• **TASK BRIEF**: The data must be transcribed exactly, with no line missing.

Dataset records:

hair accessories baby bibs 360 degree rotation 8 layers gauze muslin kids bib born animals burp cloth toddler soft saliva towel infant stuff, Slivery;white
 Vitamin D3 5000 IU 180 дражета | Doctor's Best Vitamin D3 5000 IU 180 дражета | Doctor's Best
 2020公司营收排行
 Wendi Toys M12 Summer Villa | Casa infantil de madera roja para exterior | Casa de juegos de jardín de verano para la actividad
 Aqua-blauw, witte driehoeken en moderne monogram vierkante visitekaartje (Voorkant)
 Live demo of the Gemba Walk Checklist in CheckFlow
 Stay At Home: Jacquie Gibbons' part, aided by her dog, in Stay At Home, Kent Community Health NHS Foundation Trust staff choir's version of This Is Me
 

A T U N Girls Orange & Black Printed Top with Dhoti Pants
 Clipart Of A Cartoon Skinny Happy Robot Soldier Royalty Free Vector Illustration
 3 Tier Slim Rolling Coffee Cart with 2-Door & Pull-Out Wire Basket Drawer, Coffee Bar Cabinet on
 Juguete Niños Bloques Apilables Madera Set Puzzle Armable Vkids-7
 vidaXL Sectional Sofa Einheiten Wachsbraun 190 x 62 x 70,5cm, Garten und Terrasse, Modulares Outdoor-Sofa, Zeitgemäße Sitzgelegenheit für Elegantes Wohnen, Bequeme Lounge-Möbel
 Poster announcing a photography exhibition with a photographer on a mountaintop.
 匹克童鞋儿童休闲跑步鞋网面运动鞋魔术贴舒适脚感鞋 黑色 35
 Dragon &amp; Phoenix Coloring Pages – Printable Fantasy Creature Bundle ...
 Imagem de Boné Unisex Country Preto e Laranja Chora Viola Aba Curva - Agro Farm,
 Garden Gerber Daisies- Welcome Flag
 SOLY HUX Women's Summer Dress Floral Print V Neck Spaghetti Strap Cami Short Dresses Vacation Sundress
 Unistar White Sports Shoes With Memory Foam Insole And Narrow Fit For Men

• **SOLUTION BELOW**:
hair accessories baby bibs 360 degree rotation 8 layers gauze muslin kids bib born animals burp cloth toddler soft saliva towel infant stuff, Slivery;white
 Vitamin D3 5000 IU 180 дражета | Doctor's Best Vitamin D3 5000 IU 180 дражета | Doctor's Best
 2020公司营收排行
 Wendi Toys M12 Summer Villa | Casa infantil de madera roja para exterior | Casa de juegos de jardín de verano para la actividad
 Aqua-blauw, witte driehoeken en moderne monogram vierkante visitekaartje (Voorkant)
 Live demo of the Gemba Walk Checklist in CheckFlow
 Stay At Home: Jacquie Gibbons' part, aided by her dog, in Stay At Home, Kent Community Health NHS Foundation Trust staff choir's version of This Is Me
 

A T U N Girls Orange & Black Printed Top with Dhoti Pants
 Clipart Of A Cartoon Skinny Happy Robot Soldier Royalty Free Vector Illustration
 3 Tier Slim Rolling Coffee Cart with 2-Door & Pull-Out Wire Basket Drawer, Coffee Bar Cabinet on
 Juguete Niños Bloques Apilables Madera Set Puzzle Armable Vkids-7
 vidaXL Sectional Sofa Einheiten Wachsbraun 190 x 62 x 70,5cm, Garten und Terrasse, Modulares Outdoor-Sofa, Zeitgemäße Sitzgelegenheit für Elegantes Wohnen, Bequeme Lounge-Möbel
 Poster announcing a photography exhibition with a photographer on a mountaintop.
 匹克童鞋儿童休闲跑步鞋网面运动鞋魔术贴舒适脚感鞋 黑色 35
 Dragon &amp; Phoenix Coloring Pages – Printable Fantasy Creature Bundle ...
 Imagem de Boné Unisex Country Preto e Laranja Chora Viola Aba Curva - Agro Farm,
 Garden Gerber Daisies- Welcome Flag
 SOLY HUX Women's Summer Dress Floral Print V Neck Spaghetti Strap Cami Short Dresses Vacation Sundress
 Unistar White Sports Shoes With Memory Foam Insole And Narrow Fit For Men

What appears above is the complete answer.